Re: [RFC]Add new mdev interface for QoS

From: Gao, Ping A
Date: Tue Aug 08 2017 - 08:49:14 EST



On 2017/8/8 14:42, Kirti Wankhede wrote:
>
> On 8/7/2017 1:11 PM, Gao, Ping A wrote:
>> On 2017/8/4 5:11, Alex Williamson wrote:
>>> On Thu, 3 Aug 2017 20:26:14 +0800
>>> "Gao, Ping A" <ping.a.gao@xxxxxxxxx> wrote:
>>>
>>>> On 2017/8/3 0:58, Alex Williamson wrote:
>>>>> On Wed, 2 Aug 2017 21:16:28 +0530
>>>>> Kirti Wankhede <kwankhede@xxxxxxxxxx> wrote:
>>>>>
>>>>>> On 8/2/2017 6:29 PM, Gao, Ping A wrote:
>>>>>>> On 2017/8/2 18:19, Kirti Wankhede wrote:
>>>>>>>> On 8/2/2017 3:56 AM, Alex Williamson wrote:
>>>>>>>>> On Tue, 1 Aug 2017 13:54:27 +0800
>>>>>>>>> "Gao, Ping A" <ping.a.gao@xxxxxxxxx> wrote:
>>>>>>>>>
>>>>>>>>>> On 2017/7/28 0:00, Gao, Ping A wrote:
>>>>>>>>>>> On 2017/7/27 0:43, Alex Williamson wrote:
>>>>>>>>>>>> [cc +libvir-list]
>>>>>>>>>>>>
>>>>>>>>>>>> On Wed, 26 Jul 2017 21:16:59 +0800
>>>>>>>>>>>> "Gao, Ping A" <ping.a.gao@xxxxxxxxx> wrote:
>>>>>>>>>>>>
>>>>>>>>>>>>> The vfio-mdev provide the capability to let different guest share the
>>>>>>>>>>>>> same physical device through mediate sharing, as result it bring a
>>>>>>>>>>>>> requirement about how to control the device sharing, we need a QoS
>>>>>>>>>>>>> related interface for mdev to management virtual device resource.
>>>>>>>>>>>>>
>>>>>>>>>>>>> E.g. In practical use, vGPUs assigned to different quests almost has
>>>>>>>>>>>>> different performance requirements, some guests may need higher priority
>>>>>>>>>>>>> for real time usage, some other may need more portion of the GPU
>>>>>>>>>>>>> resource to get higher 3D performance, corresponding we can define some
>>>>>>>>>>>>> interfaces like weight/cap for overall budget control, priority for
>>>>>>>>>>>>> single submission control.
>>>>>>>>>>>>>
>>>>>>>>>>>>> So I suggest to add some common attributes which are vendor agnostic in
>>>>>>>>>>>>> mdev core sysfs for QoS purpose.

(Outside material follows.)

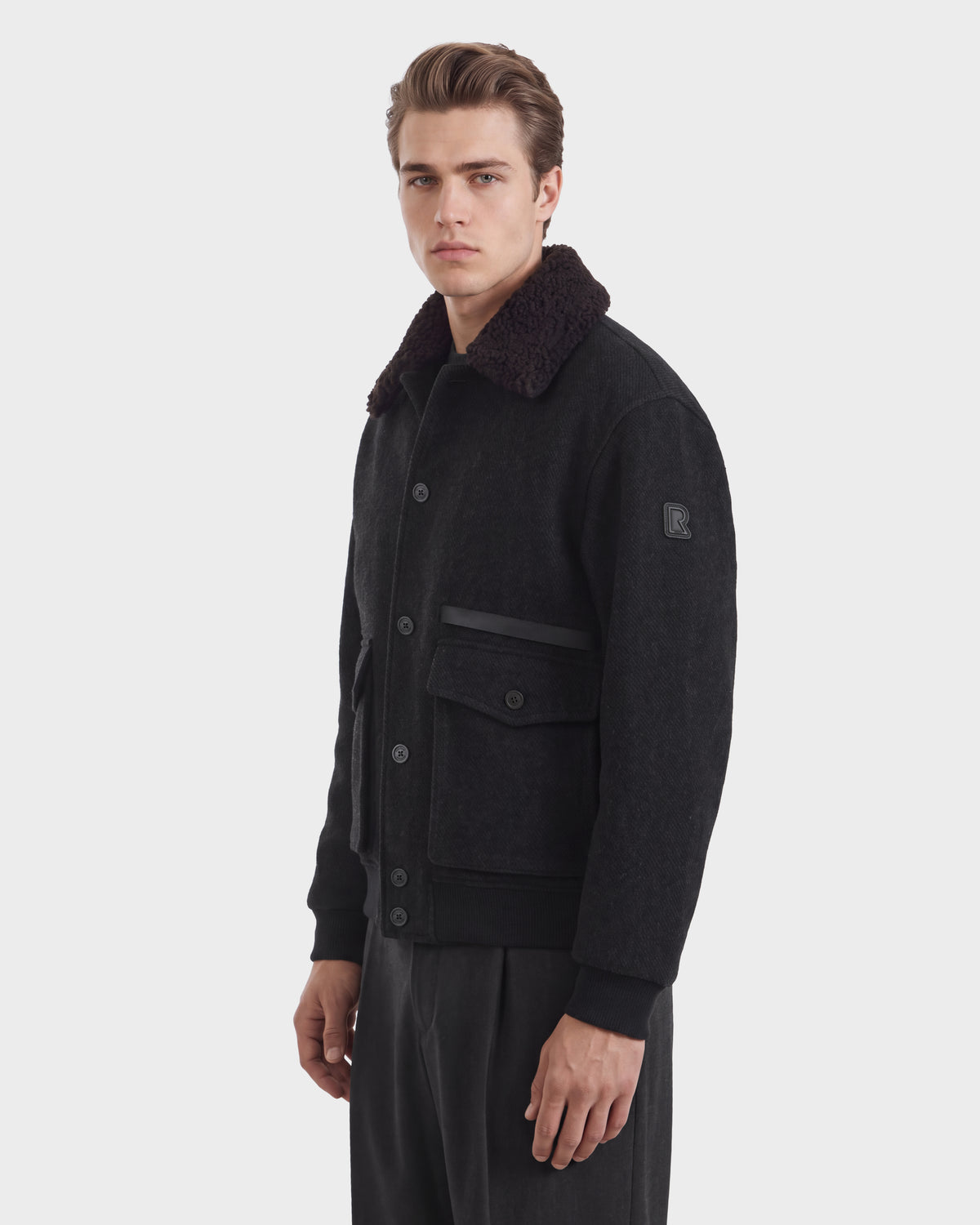A man wearing a JULIUS - 6126723 Charcoal bomber jacket in dark charcoal wool-blend with a dark faux-fur collar, flap pockets, and a ribbed hem.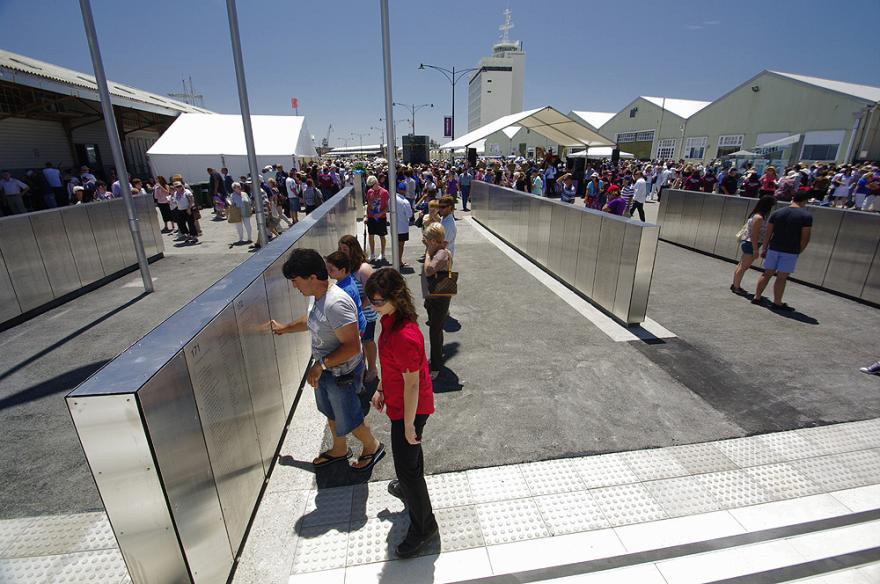 Crowd gathered in an outdoor quay examining metal panels with engravings of names.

>>>>>>>>>>>> I think what you're asking for is just some standardization of a QoS
>>>>>>>>>>>> attribute_group which a vendor can optionally include within the
>>>>>>>>>>>> existing mdev_parent_ops.mdev_attr_groups. The mdev core will
>>>>>>>>>>>> transparently enable this, but it really only provides the standard,
>>>>>>>>>>>> all of the support code is left for the vendor. I'm fine with that,
>>>>>>>>>>>> but of course the trouble with and sort of standardization is arriving
>>>>>>>>>>>> at an agreed upon standard. Are there QoS knobs that are generic
>>>>>>>>>>>> across any mdev device type? Are there others that are more specific
>>>>>>>>>>>> to vGPU? Are there existing examples of this that we can steal their
>>>>>>>>>>>> specification?
>>>>>>>>>>> Yes, you are right, standardization QoS knobs are exactly what I wanted.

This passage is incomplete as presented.